Todo en Cómo vencer al ruido desprende una honestidad vital absoluta. El hecho inevitable de que nos acabemos muriendo resulta la más clarificadora, la de más noble utilidad. Porque hay libros de los que se extrae, más que la belleza o la inteligencia, una epifanía, una especie de dádiva, el ojo sencillo que descubre el misterio, la locuacidad de lo que no precisa mayor empeño que dejar que las palabras (las de el poeta en ebria dicción de su léxico) nos hagan comprender "hasta encontrar / la herencia de una huella en la ceniza" (Despertamos).

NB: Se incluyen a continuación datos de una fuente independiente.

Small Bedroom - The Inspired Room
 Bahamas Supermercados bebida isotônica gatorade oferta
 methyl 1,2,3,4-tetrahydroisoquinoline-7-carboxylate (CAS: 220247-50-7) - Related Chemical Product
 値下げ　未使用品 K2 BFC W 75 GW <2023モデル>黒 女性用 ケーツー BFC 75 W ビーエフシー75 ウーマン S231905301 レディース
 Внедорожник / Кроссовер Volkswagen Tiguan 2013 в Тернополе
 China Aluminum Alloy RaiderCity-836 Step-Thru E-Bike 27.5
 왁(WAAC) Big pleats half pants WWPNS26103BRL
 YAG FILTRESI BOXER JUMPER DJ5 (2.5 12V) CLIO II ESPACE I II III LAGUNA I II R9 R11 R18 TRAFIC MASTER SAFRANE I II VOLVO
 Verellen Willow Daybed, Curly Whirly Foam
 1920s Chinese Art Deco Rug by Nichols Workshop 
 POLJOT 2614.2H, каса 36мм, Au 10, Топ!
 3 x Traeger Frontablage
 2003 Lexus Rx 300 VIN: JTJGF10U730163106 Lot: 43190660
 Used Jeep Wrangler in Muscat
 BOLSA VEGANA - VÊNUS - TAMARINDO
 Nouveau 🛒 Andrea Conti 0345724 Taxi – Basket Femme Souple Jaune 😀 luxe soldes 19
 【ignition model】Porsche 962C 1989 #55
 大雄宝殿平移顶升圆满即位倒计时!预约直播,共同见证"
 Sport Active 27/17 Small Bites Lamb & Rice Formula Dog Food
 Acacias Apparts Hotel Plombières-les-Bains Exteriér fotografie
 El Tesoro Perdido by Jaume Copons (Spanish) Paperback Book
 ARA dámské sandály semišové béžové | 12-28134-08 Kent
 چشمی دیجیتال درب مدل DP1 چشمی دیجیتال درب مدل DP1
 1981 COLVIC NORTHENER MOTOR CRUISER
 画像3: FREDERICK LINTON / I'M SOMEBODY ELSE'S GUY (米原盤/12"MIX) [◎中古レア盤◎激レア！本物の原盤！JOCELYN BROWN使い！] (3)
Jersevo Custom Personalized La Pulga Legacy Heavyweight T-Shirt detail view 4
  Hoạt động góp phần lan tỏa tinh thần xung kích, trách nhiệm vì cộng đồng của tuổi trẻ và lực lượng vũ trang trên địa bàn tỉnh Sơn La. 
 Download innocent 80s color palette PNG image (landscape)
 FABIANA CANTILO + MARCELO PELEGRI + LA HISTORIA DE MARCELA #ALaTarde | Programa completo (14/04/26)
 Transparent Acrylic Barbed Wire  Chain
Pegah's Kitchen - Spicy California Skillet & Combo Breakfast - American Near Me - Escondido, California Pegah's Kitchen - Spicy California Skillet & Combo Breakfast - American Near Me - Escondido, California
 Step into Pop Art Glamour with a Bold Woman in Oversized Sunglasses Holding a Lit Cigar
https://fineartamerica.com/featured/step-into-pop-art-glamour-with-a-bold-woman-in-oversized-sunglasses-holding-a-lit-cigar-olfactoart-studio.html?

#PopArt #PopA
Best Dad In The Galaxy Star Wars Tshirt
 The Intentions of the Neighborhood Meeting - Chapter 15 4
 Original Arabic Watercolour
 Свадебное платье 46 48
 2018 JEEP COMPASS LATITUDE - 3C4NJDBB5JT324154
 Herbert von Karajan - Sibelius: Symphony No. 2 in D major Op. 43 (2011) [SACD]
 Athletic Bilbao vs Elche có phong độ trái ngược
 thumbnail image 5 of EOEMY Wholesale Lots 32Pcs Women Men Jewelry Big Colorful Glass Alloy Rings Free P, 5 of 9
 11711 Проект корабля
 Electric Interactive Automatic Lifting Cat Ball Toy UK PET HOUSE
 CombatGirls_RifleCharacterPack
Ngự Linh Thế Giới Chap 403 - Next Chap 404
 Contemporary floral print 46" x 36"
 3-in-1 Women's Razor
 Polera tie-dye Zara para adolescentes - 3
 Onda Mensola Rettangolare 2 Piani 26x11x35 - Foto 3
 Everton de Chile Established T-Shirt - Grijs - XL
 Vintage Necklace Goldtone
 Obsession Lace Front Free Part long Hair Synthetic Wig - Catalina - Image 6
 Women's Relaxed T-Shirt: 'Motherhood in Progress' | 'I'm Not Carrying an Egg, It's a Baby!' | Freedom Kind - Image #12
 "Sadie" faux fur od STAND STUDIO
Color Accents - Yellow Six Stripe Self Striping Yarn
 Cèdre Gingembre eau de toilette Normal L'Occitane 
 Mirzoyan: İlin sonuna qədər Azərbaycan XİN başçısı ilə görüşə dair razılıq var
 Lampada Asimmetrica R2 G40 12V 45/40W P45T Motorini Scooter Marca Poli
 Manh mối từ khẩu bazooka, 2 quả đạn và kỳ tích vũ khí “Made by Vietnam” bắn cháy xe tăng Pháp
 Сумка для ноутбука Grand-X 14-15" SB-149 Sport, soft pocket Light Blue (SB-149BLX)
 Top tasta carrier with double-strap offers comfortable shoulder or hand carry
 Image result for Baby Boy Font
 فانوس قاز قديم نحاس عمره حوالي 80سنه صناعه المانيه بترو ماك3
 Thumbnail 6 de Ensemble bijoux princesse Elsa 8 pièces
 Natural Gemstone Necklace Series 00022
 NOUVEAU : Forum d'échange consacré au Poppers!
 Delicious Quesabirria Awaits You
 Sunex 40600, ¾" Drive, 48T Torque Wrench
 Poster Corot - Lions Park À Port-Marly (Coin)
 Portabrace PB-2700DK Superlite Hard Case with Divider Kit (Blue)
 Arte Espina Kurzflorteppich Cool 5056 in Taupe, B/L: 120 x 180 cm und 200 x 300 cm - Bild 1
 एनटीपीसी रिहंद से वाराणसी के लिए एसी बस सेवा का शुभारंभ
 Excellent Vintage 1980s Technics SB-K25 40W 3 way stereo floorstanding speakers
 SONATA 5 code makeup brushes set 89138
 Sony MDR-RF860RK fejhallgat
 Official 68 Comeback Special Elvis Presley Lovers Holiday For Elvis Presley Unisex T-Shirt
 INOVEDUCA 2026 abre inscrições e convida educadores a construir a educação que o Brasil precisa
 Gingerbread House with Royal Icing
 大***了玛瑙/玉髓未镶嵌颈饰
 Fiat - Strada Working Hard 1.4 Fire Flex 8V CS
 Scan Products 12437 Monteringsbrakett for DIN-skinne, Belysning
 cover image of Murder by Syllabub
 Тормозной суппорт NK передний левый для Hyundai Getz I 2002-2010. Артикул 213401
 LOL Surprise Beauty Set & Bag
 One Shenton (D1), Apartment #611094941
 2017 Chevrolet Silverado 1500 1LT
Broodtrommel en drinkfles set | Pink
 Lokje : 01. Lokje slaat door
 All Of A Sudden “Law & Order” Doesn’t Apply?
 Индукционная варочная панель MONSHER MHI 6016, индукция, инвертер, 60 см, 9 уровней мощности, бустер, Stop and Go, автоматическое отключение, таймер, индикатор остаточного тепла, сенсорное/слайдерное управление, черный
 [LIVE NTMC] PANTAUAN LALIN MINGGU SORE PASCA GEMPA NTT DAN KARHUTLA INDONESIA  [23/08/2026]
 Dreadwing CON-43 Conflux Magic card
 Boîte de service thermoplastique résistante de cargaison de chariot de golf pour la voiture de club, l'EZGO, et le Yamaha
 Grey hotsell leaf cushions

Cómo vencer al ruido es también un memorial gozoso de la vida, de esa poética del cuidado, como él escribe, del aplazamiento de lo que la enturbia, ya que no es posible zanjarlo enteramente. La poesía es la herramienta requerida para que todo lo que nos perturba no cale en demasía, ambicioso propósito ése, por otra parte. Hay una música que trae una esperanza, vista como "un pájaro que huye / de la oscuridad" (Eterna epifanía). "El silencio nos hará libres" (Frente al espejo). La paradoja es limpia. Los libros que nos reclaman "apilados en una arrinconada / estantería y cagados de polvo" saben cómo aminorar el ruido, que es un vértigo, que es una fiebre que nos enferma con moroso paciencia, que nos daña con sibilinas (malignas) artes. Vence la memoria, triunfa el tiempo rescatado del fango del aire y del gris de la sangre. No hay libro que no hable del tiempo, pero algunos lo hacen con primores inéditos, como si nos abrieran los ojos a la luz y nos conminaran a que ambicionemos esa quietud con la que el alma se precave contra la realidad. "Para mejor caer / aprende a soltarte" (Caída libre), apostilla con vocación de aforismo. Porque es a la lluvia, de quien debemos aprender, no le importuna su vacío, su danzar loco, su terco oficio, esa costumbre de agasajar al aire con su frescor antiguo y dar a la tierra la viva comisión de su renacimiento. Así nosotros, lectores de barro. Así nuestra fe en el silencio, en el milagro de su misterioso. La semilla alcanzará "el renombre de flor / en un mundo que gire más despacio." (Más allá). Mientras, en la espera, en la inminencia de ese advenimiento anhelado, caemos en la cuenta de que la sed nos hace humanos y damos al agua la consideración de lo divino. Y "hambre / de decir y cantar / cómo crepita esa leña innombrable / que arde en nuestro interior". Es de eso de lo que Jesús Aparicio nos habla: del fuego de un asombro, de la posibilidad de dejarnos arder antes de que las llamas nos abracen y el corazón se rinda.